Antrean terjadi sebab pengunjung mesti masuk secara bergantian. Satu pengunjung masuk, memilih roti, membayar di kasir, baru kemudian satu pengunjung lain boleh masuk dan mengulangi ritme yang sama. Alhasil, meski berukuran kecil, The Old Post Office Bakery sanggup menjamu tiap pengunjung, sekaligus patuh pada protokol jaga jarak era pandemi.
Kendati begitu, antrean berlangsung tak lama. Rasa-rasanya, mayoritas pengunjung adalah langganan, sehingga mereka sudah tahu mau beli roti apa. Bahkan, beberapa mungkin sudah punya roti favoritnya. Seorang staf The Old Post Office Bakery, misalnya, segera menyiapkan roti untuk orang di depan saya ketika ia masih berdiri di pintu toko, menanti giliran masuk.
Pagi itu, sejumlah orang telah mengular antrean di luar toko, menjalar hingga menutupi salon di sampingnya.

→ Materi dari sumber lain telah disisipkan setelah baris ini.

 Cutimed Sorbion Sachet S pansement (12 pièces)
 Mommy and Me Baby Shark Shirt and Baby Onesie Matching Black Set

Pengalaman saya tentu beda dengan pengunjung sebelum saya, sebab ini kali pertama saya datang ke situ. Saya bertanya roti apa yang jadi ciri khas toko itu, sembari terus memutar bola mata ke roti-roti yang disajikan di meja. “Tergantung apa yang kamu sukai. Kami punya sejumlah rekomendasi untuk yang manis, begitu pula yang asin,” balas seorang staf.
Untuk tak membuat antrean memanjang, saya segera menjatuhkan pilihan dan menyelesaikan transaksi untuk sepotong fruit danish, salah satu rekomendasi mereka untuk roti manis; juga almond croissant dan pain au chocolat, dua jenis roti yang sudah akrab di indera perasa dan sering saya beli di supermarket Lidl dan Sainsbury’s. Ketiga roti itu masing-masing dibungkus dengan kantong kertas berwarna cokelat, siap untuk dibawa pulang ke rumah.

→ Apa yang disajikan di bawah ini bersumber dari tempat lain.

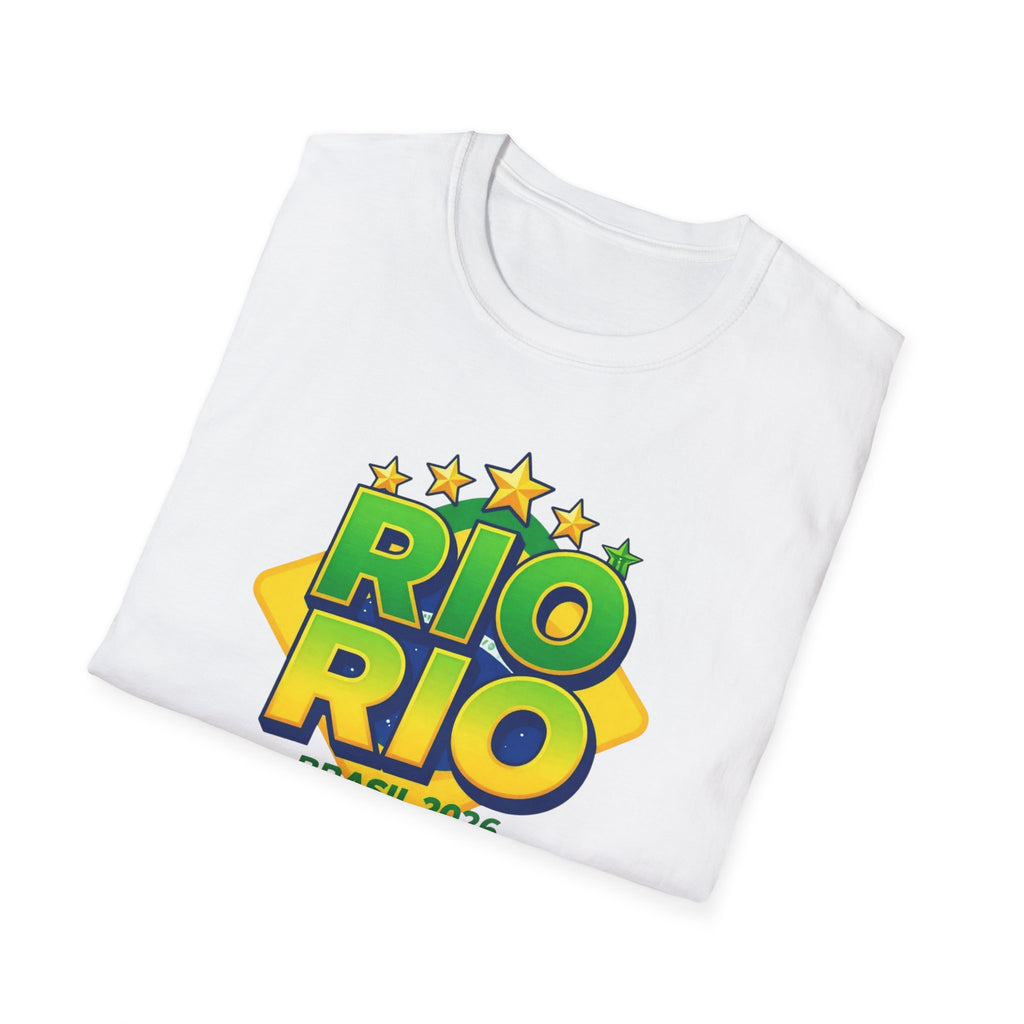 Rio Rio Brasil 2026 T-Shirt — Bright Brazilian Travel Souvenir Tee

Pengalaman membeli roti di tukang roti keliling dan di The Old Post Office Bakery jelas beda, begitu pula kualitas roti keduanya. Penjual roti keliling mungkin bukan pembuat roti, ia cuma bertugas menjual roti-roti yang diproduksi secara massal, hingga habis tak bersisa setiap harinya. Jika ditanyai saran soal roti andalan, jawaban yang diberikannya bisa jadi roti yang paling sering dibeli orang.
Sedang, The Old Post Office Bakery tak hanya mengedepankan kuantitas, tapi juga seni membuat roti itu sendiri. Memilih bahan dengan teliti, menggunakan alat-alat bermutu tinggi, dan menguasai teknik pembuatan roti secara matang. Alhasil, toko tua itu menyajikan beragam jenis roti yang mengembang sempurna, juga memiliki tingkat kemanisan pas dan buah/sayur yang segar.
Ah, keduanya tak semestinya dibanding-bandingkan. Tempat dan tradisi perihal rotinya pun sudah beda. Roti bukan makanan pokok di Indonesia—kata banyak orang, “belum kenyang kalau belum makan nasi”, sedangkan roti berperan amat penting di kehidupan orang Eropa, dari sarapan hingga makan malam, dari makanan pembuka hingga penutup.
Membeli roti di tukang roti keliling dan di The Old Post Office Bakery sama-sama akan jadi kenangan yang menyenangkan. Jika bertandang lagi ke Clapham, saya tentu akan kembali ke antrean di depan toko roti organik tertua itu. Begitu pula, jika saya bisa memutar waktu, saya ‘kan menunggu tukang roti keliling yang lewat di depan rumah saban sore.